Even if the nonprofit remains relatively small, it can still serve as an effective role model for others and inspire larger nonprofits, and that could make a potentially life-saving difference. Dr. Jonah DeChants, research scientist at The Trevor Project, told Mashable via email that these initiatives are key to fostering a sense of safety and identity in those who turn to them. “All young people deserve to feel affirmed in their identity. Whether that affirmation comes from wearing gender-affirming clothing or using gender-affirming personal care products, we know that young people who feel affirmed in their identity have better mental health outcomes,” DeChants explained.
I went to conversion therapy when I was 21. Here’s how it affected me.
The recent Trevor project National LGBTQ Youth Mental Health Survey found this to be true among trans and non-binary youth surveyed. “Transgender and non-binary youth with access to binders, shapewear and gender-affirming clothing reported lower rates of suicide attempts in the past year compared to trans and non-binary youth without access” , explained DeChants.
This is exactly where Amie hopes Change of Clothes Inc. can make a difference. “We’re very accessible.

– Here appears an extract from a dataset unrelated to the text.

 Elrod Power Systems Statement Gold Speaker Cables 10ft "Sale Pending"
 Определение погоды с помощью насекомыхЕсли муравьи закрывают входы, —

We’re just here to give you a little nudge and give you a safe space,” she said.
For more resources on trans and non-binary alliances, visit The Trevor Project’s Guide to being an ally of transgender and non-binary youthGLAAD’s Advice for trans allianceor the human rights campaign LGBTQ+ youth landing page. And if you’re looking for your own community support or other resources, DeChants suggests visiting TrevorSpacean affirming online community for LGBTQ youth to connect with each other and build support networks online.
Currently, Change of Clothes Inc. only accepts in-kind donations. They ask for slightly used clothing, such as pants, sweatshirts and t-shirts in all sizes. You can email them to [email protected] to arrange a local drop off or pick up.